The Climate Corporation is announced a number of groundbreaking principles and commitments related to data use and privacy in an openly published Guiding Principles on Data and Privacy statement, available online at www.climate.com/principles.
“The application of data science in agriculture is relatively new, and with the development of new technologies comes some level of uncertainty about its potential implications. In our experience, farmers are more likely to embrace new technologies that will drive the evolution of agricultural production when they have certainty about the use, privacy and control of the data they personally generate on their own farms,” said David Friedberg, CEO of The Climate Corporation.
“We want to immediately and transparently address some farmers’ concerns about data use and privacy, while advancing the conversation about industry standards that support farmers’ needs. Farmers come first and we need to do what we can to make sure the industry is adopting practices and standards that do what’s best for the farmer,” said Friedberg.
Two years ago, Monsanto established its Integrated Farming Systems platform that aimed to combine data science with precision agriculture technologies to help farmers derive new value. Recently, these research and product development teams, along with the Precision Planting group, transitioned to The Climate Corporation, led by Friedberg.
“Throughout the process of building our platform, we’ve reached out to our farmer customers and industry stakeholders for their input and they’ve told us that farmers need to know how their data will be used and protected in order for them to embrace data science in agriculture. The Climate Corporation believes that farmers must have control over the data they provide to us, and they must be able to move it easily across different technology platforms,” said Friedberg. “It’s our responsibility to remove the roadblocks to the growth and adoption of these important technologies. We realize that combining farmers’ data with unique modeling capabilities requires trust. Thus, we are sharing our guiding principles and commitments today.”

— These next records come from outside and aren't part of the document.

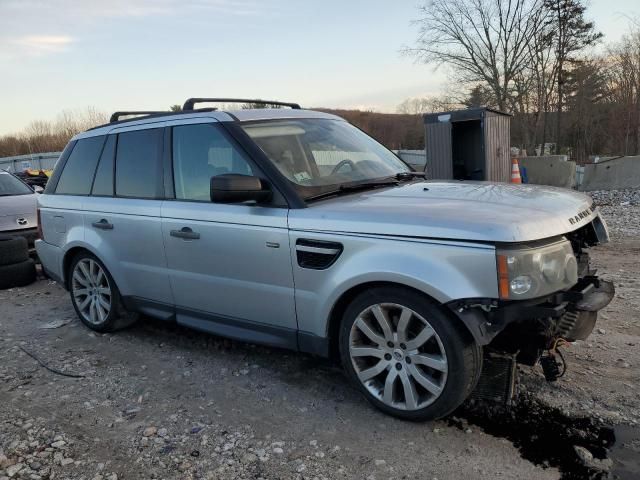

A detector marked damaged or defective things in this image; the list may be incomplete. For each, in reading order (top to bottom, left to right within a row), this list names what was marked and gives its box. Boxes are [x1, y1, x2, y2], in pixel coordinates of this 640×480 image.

exposed headlight [496, 237, 580, 300]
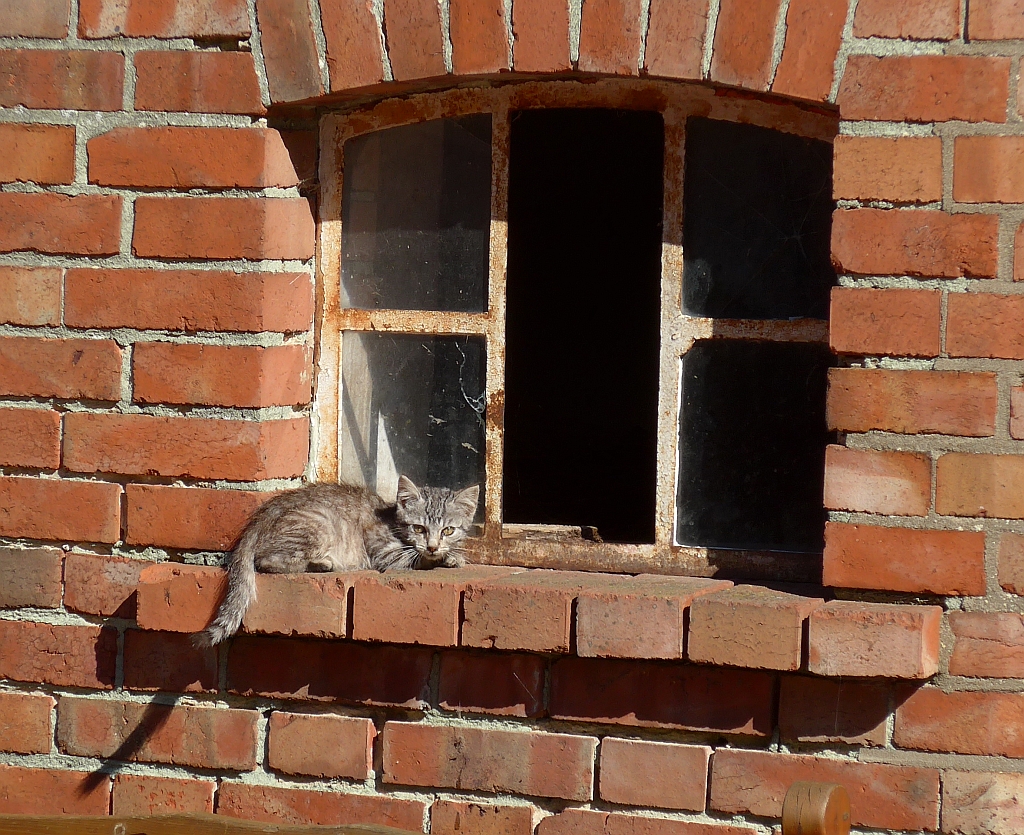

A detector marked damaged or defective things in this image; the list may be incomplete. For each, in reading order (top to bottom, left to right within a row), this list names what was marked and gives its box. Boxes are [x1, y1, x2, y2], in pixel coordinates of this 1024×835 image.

broken window pane [339, 115, 491, 313]
broken window pane [684, 119, 835, 321]
broken window pane [337, 331, 485, 502]
rusty metal window frame [313, 83, 839, 581]
broken window pane [679, 342, 831, 553]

The company is committing to several guiding principles that will drive its development of data related products and services:
- Farmers own the data they create.
The company will make it easy for farmers to control who can access the data they provide and for what purpose, and enable farmers to easily remove that data from our systems. We will only use a farmer’s data to deliver and improve the services for which they are subscribing. We will ensure safeguards are in place to protect farmer information from outside parties, and we will not sell customer-provided data to third parties.

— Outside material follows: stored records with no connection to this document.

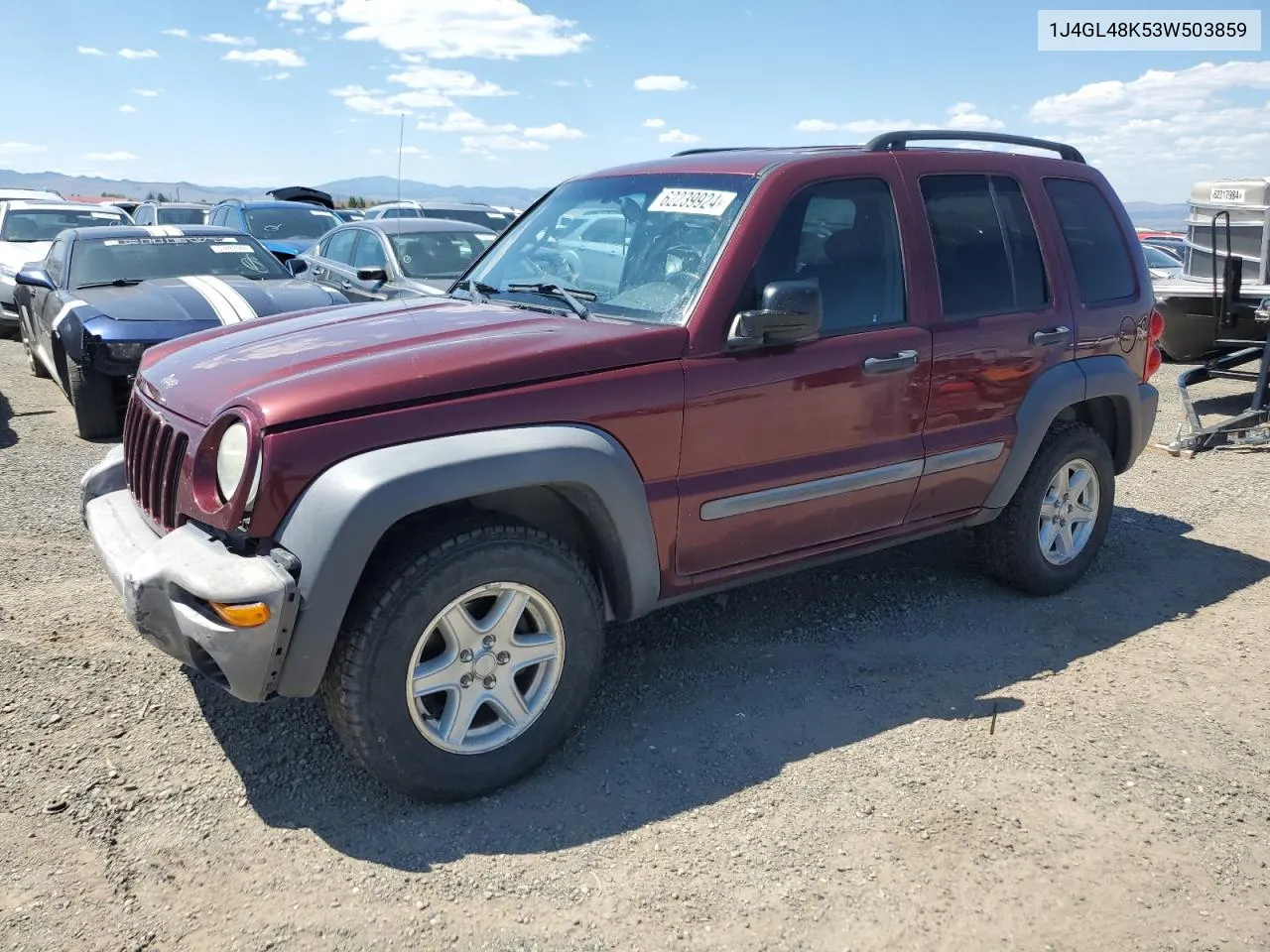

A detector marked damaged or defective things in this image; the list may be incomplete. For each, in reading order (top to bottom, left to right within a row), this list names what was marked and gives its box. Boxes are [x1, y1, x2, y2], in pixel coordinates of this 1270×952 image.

cracked windshield [464, 171, 754, 319]
damaged front bumper [79, 444, 300, 698]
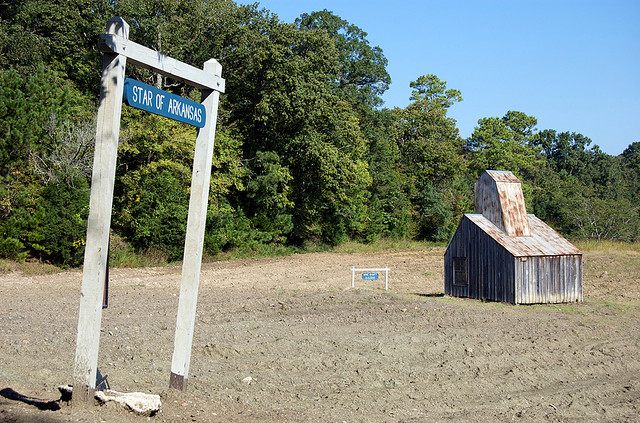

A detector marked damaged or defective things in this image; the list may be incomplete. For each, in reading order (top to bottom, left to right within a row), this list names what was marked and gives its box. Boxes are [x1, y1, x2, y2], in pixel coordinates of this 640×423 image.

rusted roof panel [462, 214, 584, 256]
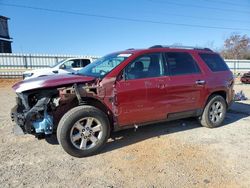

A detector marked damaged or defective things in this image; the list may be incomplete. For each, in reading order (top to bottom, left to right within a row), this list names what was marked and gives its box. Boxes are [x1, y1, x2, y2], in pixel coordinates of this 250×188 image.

wrecked vehicle [11, 45, 234, 157]
damaged red suv [11, 46, 234, 157]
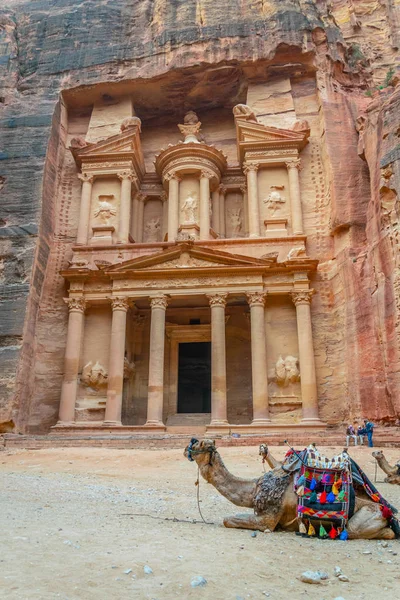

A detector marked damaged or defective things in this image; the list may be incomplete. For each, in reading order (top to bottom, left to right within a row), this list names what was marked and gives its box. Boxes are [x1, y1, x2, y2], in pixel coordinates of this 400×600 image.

broken pediment [70, 120, 145, 179]
broken pediment [104, 243, 276, 276]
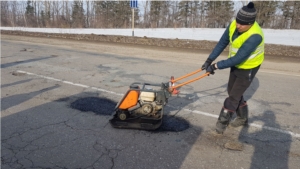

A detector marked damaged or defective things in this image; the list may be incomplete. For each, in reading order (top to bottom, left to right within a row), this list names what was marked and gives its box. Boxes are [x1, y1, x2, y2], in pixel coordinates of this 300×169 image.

pothole repair [71, 97, 116, 115]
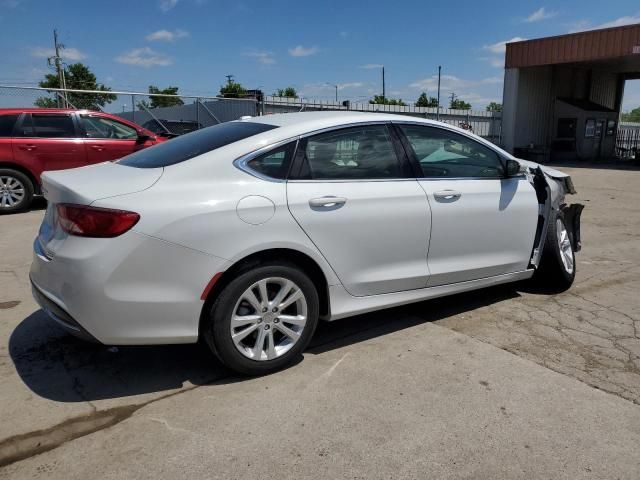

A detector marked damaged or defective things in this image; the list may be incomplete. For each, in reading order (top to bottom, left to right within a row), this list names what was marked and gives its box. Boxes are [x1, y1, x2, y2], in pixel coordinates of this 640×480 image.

exposed wheel arch [199, 249, 330, 340]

- We will provide basic data services for farmers free of charge.
Farmers need to be able to easily create, store and access their data, and The Climate Corporation will provide basic data services free of charge.
- Farmers need to easily access and share their information across technology platforms.
The company will enable farmers to share their data across other platforms at no cost. This approach requires industry standards that enable both consistency in the collection of data and farmers’ easy transfer of that data between platforms.
The Climate Corporation is forming an Open Agriculture Data Alliance (OADA) of providers and farmers to act as an independent body that will ensure that different platforms share common interoperability, common data formats, and security and privacy standards. Enabling different systems to work together will give farmers more control, and can ultimately help farmers optimize yield, improve conservation practices, and improve the profitability of their operations.
Many other industries, including healthcare, banking, retail and online services, are leveraging data to deliver improved customer experiences and new value.
“As data science is applied to agriculture, The Climate Corporation understands and respects our need to earn the trust of our farmer customers,” said Monsanto President and Chief Operating Officer Brett Begemann. “We’re at the forefront of a revolutionary new opportunity to advance agricultural productivity. We’re taking a bold step in the direction of transparency to enable the growth of this platform and to make farming more sustainable as we work to meet the demands of a growing planet.”